Concert Review: Aranjuez Mon Amour
The Conservatory, Friday October 9th 2009
The composer Joaquín Rodrigo is one of the most important and distinctive voices of 20th century Spanish music. He is famous for one work – the wildly popular Concierto de Aranjuez for guitar and orchestra, and little else of his oeuvre gets played outside of Spain. This is a curious state of affairs, as lovely though the concerto is, his concertos for cello and violin are unquestionably better and works, as are the later guitar concertos and many of his choral works.
The concert consisted of Rodrigo’s daughter Cecilia retelling her father’s life by reading from Rodrigo’s correspondences and memoirs with guitar interludes played by Carlos Bonell. The tales were often accompanied by Rodrigo’s understated Nocturnes on the guitar, the mellifluous voice of Cecilia, tender and soft, making a beautiful chamber music with Bonell’s sensitive guitar. Cecilia movingly related her father’s account of how he lost his sight aged three, how he now inhabited a world of ‘bumps and shadows’ and the sadness he felt at being unable to experience a landscape or a sculpture. She also told of Rodrigo’s hopeful belief that through artistic beauty we may live on, communing with and influencing our legacies for eternity. These moments were almost unbearably poignant and intimate, the audience rapt and silent, hanging off her every word.

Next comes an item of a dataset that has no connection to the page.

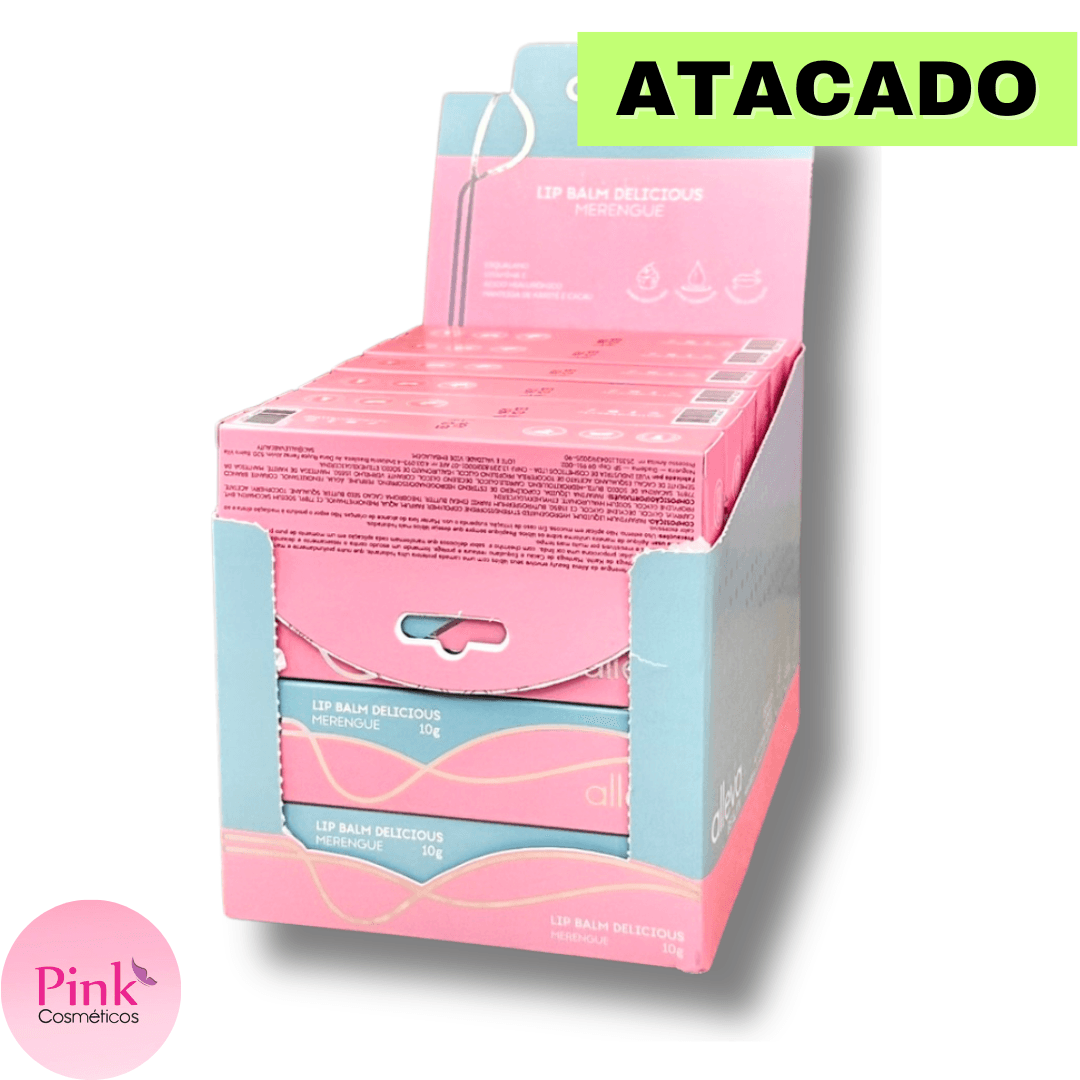 BOX LIP BALM DELICIOUS MERENGUE AL1603 24 UND - ALLEVA | Pink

Rodrigo had a talent for writing unutterably beautiful slow movements, most notable perhaps in the string concertos, where the nostalgic melancholia that came to him so naturally could be given its strongest impulse. In Rodrigo there are always two psychological layers at play – the merry, rustic village scene, which captures the joy of everyday life, and a wistful, sorrowful, nostalgic mode associated with a feeling of loss and perhaps regret at the grander, sadder aspects of the human condition. His juxtaposition of these two elements is perhaps what gives his music its unexpected potency. The guitar playing of Bonell was extremely beautiful and poetic in the slow numbers whereas the spicier, faster numbers didn’t always come off as well, occasionally seeming a little mundane next to Cecilia’s graceful and charming recitations. But no matter, this was an evening to cherish, a rare and moving insight into the life of a great artist and human.